Dying Light - dorównuje poprzedniej serii Dead Island?
Z racji zbliżającej się premiery Dying Light 2 trzeba opisać Dying Light :P Dying Light jest jednoosobową grą survival-horror z otwartym światem, w której możemy także grać w trybie kooperacji. Została ona wydana przez Warner Bros Interactive Entertainment 27 stycznia 2015r. w Ameryce Północnej, a trzy dni później, czyli 30 stycznia 2015r. została wydana w reszcie świata (9 lutego 2016r. pojawiło się rozszerzenie nazwane The Following), a której producentem jest polskie studio Techland.

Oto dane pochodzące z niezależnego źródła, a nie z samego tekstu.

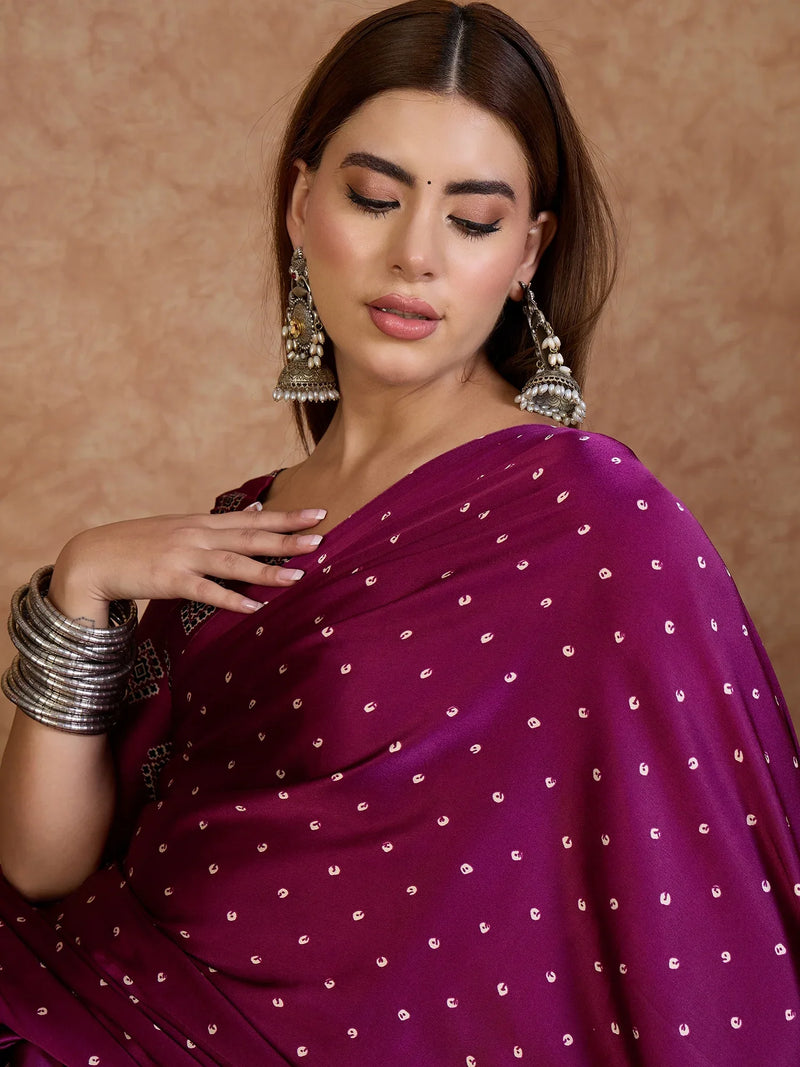 Wine Semi Modal Saree With Blouse Piece - EZBER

Reżyserem jest Adrian Ciszewski, a projektantem Maciej Binkowski. Działa ona na silniku Chrome Engine 6, co umożliwiło jej działanie także w środowisku DirectX 11. Pojawiła się do tej pory na dość niewielu platformach (Microsoft Windows, Linux, PlayStation 4, Xbox One, macOS), gdyż deweloperzy stwierdzili, że jakość na konsolach starszej generacji jest strasznie słaba, a w szczególności generowanie otwartego świata i dynamicznego światła nie dają sobie rady już przy takim silniku.

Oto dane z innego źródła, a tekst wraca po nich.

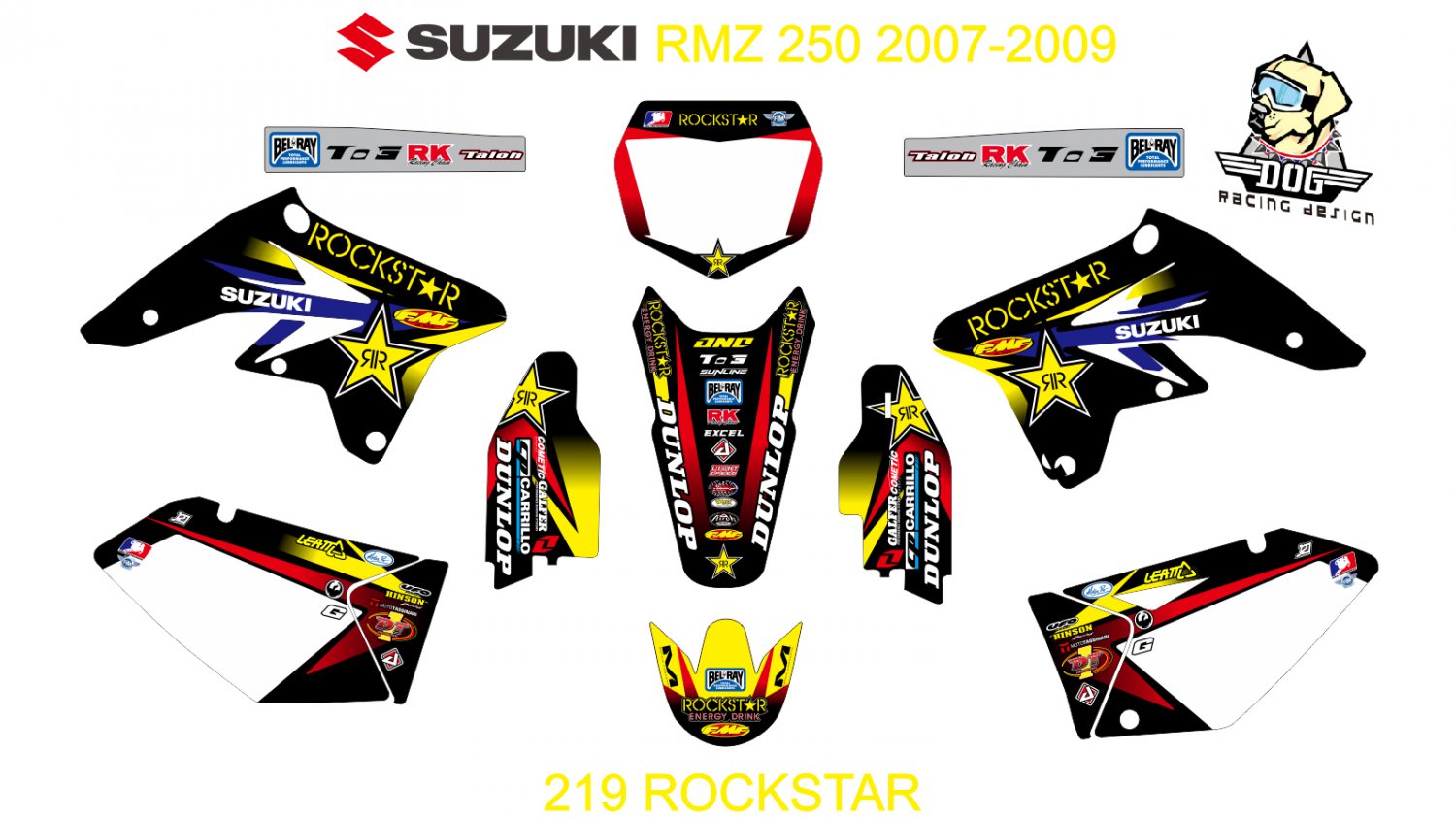 SUZUKI RMZ 250 2007-2009 GRAPHIC DECAL KIT CODE.219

Do świata Dying Light, a dokładniej do miasta Harran zostajemy wysłani z polecenia organizacji GRE (Globalny Resort Epidemiologiczny). Gdy już tam lądujemy, musimy stawić czoła brutalnej rzeczywistości tego miejsca, gdzie więcej jest zombie, aniżeli żywych ludzi. Nasi przełożeni dają nam zadanie - śledzić ruchy Kadira „Raisa” Sulejmana, a później wykraść do niego informacje o leku na zarazę szerzącą się w mieście. W dużym uogólnieniu na tym polega główna fabuła, ale przy tym możemy pomagać ludności tego miasta, gdzie osoby, które przeżyły często są całkowicie uzależnione od naszego głównego przeciwnika. Wszystko to pokazuje smutną rzeczywistość, gdzie prawie wszyscy żywi podlegają tylko jednej osobie i nawet nie próbują się uniezależnić od niej, ale wraz z przyjściem naszego bohatera pojawia się dla nich cień szansy i to od nas zależy czy ludność tego miasta będzie mogła w najbliższej przyszłości żyć w jakimkolwiek spokoju, a w dalszej mierze przeżyć i zostać uratowanym z tego okropnego miejsca.
Rzeczy na +:
-wciągająca fabuła z dobrze wykonanymi zadaniami, zajmują one razem ok. 80h spokojnego grania, podczas których można naprawdę dobrze się bawić
-świetna grafika, dopracowane wszystkie elementy, wiele animacji przy parkour'rze, uderzeniach, można by tego długo wymieniać
-kilka naprawdę dobrych ciekawostek takich jak świat z Plants vs Zombies czy Super Mario
Rzeczy na -:
-źle wykonany najtrudniejszy tryb gry, tracenie tam całego xp, "nieśmiertelność" potworów jeżeli nie mamy dobrej broni, co sprawia, że gra polega jedynie na uciekaniu od nich co może być dość dużym problemem
-niezrównoważenie broni, a mianowicie elektryczność z podpaleniem odstaje od wszystkich możliwych schematów w tej grze i stanowi podstawę jeżeli chce się walczyć
-aby zdobyć najwyższy możliwy poziom legendy trzeba cały czas grindować zrzuty lub strefy na najtrudniejszym trybie, bo inaczej jest to praktycznie niewykonalne
Podsumowując to wszystko otrzymujemy naprawdę dość dobrą grę z niewielkimi błędami, które nie będą przeszkodą, jeżeli będzie się grało dla przyjemności na łatwiejszych poziomach trudności, a odpowiadając na pytanie z tytułu artykułu - Techland poczynił znaczny postęp od tamtego czasu i Dying Light jest o wiele lepiej zrobione od jego poprzedników.